[THE DATA]

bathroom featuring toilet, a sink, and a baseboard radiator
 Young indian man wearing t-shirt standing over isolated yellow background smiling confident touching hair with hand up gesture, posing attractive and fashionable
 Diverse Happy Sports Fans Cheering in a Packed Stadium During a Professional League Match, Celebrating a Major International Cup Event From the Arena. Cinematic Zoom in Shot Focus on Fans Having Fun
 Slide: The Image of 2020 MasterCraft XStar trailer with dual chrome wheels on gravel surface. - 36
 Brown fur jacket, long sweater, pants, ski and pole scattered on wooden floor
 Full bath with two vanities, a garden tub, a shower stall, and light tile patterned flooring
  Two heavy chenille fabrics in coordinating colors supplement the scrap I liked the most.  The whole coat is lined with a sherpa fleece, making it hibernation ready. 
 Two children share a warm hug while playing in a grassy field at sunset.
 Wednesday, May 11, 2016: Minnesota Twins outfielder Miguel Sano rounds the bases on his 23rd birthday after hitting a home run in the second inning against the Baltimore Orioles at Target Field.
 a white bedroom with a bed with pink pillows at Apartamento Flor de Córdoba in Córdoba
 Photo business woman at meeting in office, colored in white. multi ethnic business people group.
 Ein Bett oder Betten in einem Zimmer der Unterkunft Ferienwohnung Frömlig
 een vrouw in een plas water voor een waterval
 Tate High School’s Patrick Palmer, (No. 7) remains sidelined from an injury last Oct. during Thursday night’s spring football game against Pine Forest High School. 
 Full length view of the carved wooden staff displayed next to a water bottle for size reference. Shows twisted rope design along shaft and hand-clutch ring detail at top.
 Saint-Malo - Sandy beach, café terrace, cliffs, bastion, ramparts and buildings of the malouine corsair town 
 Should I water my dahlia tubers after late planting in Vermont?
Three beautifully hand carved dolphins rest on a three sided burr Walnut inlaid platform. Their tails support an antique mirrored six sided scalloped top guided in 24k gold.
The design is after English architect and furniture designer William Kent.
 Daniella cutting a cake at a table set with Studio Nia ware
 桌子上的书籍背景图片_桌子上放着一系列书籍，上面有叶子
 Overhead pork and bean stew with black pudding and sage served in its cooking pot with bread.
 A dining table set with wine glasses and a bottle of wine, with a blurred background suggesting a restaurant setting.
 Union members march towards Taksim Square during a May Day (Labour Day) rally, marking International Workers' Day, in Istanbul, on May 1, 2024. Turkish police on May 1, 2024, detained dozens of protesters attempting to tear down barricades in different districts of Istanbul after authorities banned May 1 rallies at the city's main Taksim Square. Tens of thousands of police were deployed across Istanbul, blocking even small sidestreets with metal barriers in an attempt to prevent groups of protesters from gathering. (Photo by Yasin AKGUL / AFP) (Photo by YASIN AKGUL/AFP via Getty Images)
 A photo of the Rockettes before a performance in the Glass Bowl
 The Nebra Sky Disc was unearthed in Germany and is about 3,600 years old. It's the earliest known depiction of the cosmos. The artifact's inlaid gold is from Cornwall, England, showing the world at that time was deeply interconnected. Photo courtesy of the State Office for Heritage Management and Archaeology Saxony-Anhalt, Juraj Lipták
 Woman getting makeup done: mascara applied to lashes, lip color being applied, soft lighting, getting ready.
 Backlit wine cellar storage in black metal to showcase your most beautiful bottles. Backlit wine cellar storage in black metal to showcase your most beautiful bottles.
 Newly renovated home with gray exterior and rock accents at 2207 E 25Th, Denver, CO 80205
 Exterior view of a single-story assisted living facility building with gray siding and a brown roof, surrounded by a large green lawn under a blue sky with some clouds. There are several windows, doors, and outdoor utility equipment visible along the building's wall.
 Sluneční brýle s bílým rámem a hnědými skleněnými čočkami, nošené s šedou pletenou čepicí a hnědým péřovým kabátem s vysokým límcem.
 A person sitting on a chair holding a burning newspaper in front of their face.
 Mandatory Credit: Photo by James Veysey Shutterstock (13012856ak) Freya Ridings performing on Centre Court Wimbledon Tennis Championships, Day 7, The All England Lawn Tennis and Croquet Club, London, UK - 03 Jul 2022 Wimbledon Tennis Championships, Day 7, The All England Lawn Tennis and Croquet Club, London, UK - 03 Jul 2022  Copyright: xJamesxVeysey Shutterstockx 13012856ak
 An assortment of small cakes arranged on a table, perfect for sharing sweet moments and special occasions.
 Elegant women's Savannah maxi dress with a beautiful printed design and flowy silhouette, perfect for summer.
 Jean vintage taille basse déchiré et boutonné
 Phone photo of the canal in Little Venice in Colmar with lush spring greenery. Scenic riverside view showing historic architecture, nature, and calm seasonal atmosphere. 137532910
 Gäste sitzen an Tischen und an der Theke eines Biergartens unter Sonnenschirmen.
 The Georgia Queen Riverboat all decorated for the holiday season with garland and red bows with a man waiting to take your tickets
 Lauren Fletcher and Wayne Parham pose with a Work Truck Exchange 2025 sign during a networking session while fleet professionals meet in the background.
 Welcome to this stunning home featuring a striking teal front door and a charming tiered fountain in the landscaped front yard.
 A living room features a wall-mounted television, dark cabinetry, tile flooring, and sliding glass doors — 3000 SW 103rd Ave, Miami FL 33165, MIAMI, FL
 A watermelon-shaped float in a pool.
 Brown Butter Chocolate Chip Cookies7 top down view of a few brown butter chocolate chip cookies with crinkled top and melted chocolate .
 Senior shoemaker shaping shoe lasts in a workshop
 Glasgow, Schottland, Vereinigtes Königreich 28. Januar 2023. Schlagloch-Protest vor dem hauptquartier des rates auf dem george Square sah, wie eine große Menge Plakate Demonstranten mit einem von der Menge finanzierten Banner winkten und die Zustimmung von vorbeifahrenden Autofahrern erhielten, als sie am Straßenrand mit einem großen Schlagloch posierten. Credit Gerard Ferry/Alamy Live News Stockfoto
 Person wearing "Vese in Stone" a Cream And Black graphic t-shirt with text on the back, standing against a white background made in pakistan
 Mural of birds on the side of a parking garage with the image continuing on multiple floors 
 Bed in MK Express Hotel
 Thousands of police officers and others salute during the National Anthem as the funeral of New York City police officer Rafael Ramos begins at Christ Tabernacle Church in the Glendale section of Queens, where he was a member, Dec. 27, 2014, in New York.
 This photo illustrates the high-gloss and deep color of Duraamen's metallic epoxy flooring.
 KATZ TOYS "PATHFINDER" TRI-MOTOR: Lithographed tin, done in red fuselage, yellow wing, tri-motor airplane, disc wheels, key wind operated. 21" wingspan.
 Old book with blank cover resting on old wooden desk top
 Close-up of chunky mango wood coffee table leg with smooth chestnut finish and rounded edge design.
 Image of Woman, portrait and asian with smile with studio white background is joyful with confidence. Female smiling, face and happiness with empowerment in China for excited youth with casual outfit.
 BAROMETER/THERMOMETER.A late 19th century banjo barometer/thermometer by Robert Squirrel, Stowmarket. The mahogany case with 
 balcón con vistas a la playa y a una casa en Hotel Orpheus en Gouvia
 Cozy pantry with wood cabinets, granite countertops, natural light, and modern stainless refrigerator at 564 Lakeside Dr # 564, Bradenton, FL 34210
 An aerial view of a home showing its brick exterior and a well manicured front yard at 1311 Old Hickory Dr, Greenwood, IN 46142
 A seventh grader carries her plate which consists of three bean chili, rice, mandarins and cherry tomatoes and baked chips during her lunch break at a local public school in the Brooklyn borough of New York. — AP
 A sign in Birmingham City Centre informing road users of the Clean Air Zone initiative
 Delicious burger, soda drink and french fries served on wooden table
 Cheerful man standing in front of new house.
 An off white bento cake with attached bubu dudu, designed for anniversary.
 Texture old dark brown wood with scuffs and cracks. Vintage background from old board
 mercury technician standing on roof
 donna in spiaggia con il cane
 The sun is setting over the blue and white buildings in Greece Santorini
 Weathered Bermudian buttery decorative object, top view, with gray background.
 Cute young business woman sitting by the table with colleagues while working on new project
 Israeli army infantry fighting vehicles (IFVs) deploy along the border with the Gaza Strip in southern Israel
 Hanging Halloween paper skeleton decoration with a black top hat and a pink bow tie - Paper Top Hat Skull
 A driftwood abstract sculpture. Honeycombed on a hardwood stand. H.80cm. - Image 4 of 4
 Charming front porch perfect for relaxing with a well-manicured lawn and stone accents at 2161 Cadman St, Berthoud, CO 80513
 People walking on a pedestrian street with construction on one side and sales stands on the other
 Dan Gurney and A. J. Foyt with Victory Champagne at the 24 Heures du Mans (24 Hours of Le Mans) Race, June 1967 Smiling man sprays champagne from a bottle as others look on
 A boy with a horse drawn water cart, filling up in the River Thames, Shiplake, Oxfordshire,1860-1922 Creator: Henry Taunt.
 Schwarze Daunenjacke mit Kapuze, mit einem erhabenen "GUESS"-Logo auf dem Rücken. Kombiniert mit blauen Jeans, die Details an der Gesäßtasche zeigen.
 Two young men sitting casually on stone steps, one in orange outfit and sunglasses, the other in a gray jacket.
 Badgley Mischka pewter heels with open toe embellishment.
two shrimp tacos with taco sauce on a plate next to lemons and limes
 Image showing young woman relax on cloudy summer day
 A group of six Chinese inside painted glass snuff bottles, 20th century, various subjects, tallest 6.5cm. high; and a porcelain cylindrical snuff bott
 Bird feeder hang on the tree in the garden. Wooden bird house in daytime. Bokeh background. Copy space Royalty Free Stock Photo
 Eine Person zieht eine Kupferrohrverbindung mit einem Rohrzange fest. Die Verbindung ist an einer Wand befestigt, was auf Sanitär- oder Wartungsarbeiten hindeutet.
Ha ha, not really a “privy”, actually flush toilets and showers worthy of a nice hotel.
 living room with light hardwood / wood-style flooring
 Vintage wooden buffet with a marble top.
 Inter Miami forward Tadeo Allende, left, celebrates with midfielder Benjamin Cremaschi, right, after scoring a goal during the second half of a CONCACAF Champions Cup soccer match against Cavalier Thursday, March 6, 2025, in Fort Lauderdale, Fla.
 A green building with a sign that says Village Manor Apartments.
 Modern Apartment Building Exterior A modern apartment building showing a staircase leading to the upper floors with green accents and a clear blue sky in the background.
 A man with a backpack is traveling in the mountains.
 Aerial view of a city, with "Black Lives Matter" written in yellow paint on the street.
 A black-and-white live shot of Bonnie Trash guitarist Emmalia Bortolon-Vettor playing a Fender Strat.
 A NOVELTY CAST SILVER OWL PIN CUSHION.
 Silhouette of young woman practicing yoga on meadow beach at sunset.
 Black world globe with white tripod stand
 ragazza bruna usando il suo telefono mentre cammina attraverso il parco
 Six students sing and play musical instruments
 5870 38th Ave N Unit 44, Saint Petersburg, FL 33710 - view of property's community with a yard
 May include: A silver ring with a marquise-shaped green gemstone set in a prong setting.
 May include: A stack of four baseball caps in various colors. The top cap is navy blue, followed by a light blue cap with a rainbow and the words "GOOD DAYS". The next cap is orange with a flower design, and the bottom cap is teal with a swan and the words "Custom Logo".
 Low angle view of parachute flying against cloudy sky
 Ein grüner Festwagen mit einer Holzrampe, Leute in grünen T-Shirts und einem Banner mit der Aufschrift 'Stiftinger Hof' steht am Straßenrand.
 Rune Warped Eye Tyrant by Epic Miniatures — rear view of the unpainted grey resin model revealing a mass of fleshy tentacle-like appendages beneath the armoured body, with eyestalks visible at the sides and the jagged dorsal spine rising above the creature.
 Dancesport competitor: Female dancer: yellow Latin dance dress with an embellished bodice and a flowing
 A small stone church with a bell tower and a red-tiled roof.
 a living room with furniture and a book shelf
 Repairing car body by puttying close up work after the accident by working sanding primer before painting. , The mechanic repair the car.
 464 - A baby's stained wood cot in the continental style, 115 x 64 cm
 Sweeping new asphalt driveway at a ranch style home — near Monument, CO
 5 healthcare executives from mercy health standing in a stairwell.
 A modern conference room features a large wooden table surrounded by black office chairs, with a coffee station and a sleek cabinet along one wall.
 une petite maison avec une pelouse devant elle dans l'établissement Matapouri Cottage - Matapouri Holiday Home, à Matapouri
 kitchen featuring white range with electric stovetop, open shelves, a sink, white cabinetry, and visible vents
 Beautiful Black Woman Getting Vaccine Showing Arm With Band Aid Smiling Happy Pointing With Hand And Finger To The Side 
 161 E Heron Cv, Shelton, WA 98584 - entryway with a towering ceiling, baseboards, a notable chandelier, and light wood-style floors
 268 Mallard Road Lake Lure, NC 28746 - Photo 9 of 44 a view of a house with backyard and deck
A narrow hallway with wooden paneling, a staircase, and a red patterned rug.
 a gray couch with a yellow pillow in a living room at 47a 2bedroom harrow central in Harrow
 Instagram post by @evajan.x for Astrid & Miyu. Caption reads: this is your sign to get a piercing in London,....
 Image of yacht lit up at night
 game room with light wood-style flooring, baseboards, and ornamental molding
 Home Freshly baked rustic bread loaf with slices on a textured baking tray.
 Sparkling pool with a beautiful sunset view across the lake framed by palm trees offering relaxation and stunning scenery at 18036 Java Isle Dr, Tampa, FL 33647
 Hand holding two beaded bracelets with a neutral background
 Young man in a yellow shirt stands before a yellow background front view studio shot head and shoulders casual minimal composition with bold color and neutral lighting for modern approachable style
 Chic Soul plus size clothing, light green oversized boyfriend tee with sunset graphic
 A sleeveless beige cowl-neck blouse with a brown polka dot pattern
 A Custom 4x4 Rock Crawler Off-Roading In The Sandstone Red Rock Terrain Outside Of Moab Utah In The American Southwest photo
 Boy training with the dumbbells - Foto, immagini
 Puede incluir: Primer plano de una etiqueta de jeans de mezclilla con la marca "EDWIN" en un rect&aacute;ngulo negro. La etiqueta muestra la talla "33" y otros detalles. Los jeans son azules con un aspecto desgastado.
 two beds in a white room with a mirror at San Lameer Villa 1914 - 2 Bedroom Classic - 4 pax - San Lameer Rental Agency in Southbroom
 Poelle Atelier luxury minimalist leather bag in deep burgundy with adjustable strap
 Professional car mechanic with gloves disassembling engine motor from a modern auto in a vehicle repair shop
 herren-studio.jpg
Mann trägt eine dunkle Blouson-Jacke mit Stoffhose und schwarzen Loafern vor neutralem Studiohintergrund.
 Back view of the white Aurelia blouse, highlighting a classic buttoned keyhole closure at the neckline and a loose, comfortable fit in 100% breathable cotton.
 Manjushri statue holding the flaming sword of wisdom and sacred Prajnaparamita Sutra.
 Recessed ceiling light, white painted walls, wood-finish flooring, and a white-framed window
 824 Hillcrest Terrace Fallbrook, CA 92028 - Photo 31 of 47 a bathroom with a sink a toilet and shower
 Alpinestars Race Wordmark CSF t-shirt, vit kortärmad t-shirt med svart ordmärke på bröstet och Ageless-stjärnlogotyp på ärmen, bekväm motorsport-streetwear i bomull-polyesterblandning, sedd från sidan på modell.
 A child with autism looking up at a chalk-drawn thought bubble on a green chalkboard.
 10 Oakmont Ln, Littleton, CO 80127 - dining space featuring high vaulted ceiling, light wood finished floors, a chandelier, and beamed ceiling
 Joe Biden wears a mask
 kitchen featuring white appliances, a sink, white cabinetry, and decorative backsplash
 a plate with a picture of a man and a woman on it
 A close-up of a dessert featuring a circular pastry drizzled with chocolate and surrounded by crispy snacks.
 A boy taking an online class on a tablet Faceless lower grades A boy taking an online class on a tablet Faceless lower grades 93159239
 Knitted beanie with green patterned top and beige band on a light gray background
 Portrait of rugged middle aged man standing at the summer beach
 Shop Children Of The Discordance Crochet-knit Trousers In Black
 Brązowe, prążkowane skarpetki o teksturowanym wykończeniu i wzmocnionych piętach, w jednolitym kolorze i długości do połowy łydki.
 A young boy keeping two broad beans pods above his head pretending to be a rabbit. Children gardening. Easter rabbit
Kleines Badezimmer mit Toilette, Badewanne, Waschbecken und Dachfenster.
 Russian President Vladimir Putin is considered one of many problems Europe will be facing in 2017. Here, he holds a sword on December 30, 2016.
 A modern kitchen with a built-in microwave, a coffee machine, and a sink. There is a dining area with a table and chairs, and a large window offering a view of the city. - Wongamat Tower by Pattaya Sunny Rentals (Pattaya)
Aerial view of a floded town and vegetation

[/THE DATA]

= ABOUT THIS TASK =
Report the lines above that have the word "bread" in them.

= RESPONSE BELOW =
 Overhead pork and bean stew with black pudding and sage served in its cooking pot with bread.
 Home Freshly baked rustic bread loaf with slices on a textured baking tray.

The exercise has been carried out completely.